Idem a Natale e capodanno! È stato Sean, molto gentilmente, a
raccomandarmi a sua madre. L'approvazione di Yoko era
indispensabile, non solo per motivi legali o di copyright:
sapevo che il suo supporto avrebbe dato al progetto un valore
aggiunto impagabile. Oltre al crisma dell'ufficialità, infatti,
abbiamo potuto contare su filmati e materiali rari provenienti
direttamente dagli archivi privati di famiglia. E, così, sono
partiti i lavori".
Il
documentario, pur non svelando fatti inediti né mostrando
immagini particolarmente scottanti, ricostruisce in maniera
accurata il profilo di John Lennon, artista e uomo
"contro", ribelle sin dall'infanzia, come mostrano
alcune immagini iniziali "indispensabili per far capire a
tutti il carattere del soggetto", come ci ha voluto
precisare Leaf. Ma soprattutto, il lungometraggio (99 minuti
serrati, appassionanti, intensi e coinvolgenti) tratteggia
benissimo il quadro storico e socio-culturale dell'America di
fine anni 60 e primi anni 70 nel quale si svolgono gli eventi.

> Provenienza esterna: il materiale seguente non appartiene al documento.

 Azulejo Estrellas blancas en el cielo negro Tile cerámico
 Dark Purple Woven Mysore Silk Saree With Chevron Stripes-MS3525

Fuori da questo contesto socio-politico, riuscirebbe, infatti,
del tutto incomprensibile capire le ragioni che hanno spinto
l'FBI a raccogliere centinaia di pagine sul musicista inglese,
intercettare telefonate, filmare incontri, registrare colloqui
privati, prender nota dei testi delle sue canzoni, finendo per
negare a John e Yoko (con la complicità dell'Immigration
Office) la Green Card, e cioè il permesso di soggiorno e
cittadinanza ai cittadini stranieri in America. Il tutto è
documentato con dovizia di particolari e testimonianze
efficacissime dalla pellicola di Leaf e Scheinfeld (vedi il
website ufficiale www.theusversu sjohnlennon.com).
"Non
era tanto John Lennon il soggetto pericoloso" racconta nel
film Geraldo Rivera, giornalista televisivo di grido, conduttore
di talk show popolari e autore di interviste a personaggi
scomodi (celebre il suo faccia a faccia con Charles Manson, nel
carcere di Corcoran) "l'America era terrorizzata dal fatto
che Lennon, una celebrità internazionale, piena di fascino e
carisma, desse credito e voce ai veri rivoluzionari di quegli
anni: Abbie Hoffman, Jerry Rubin, Bobby Seale, Angela Davis,
John Sinclair, autentici nemici dell'establishment a stelle e
strisce".
Rivera
è solo una delle figure di spicco intervistate da David Leaf.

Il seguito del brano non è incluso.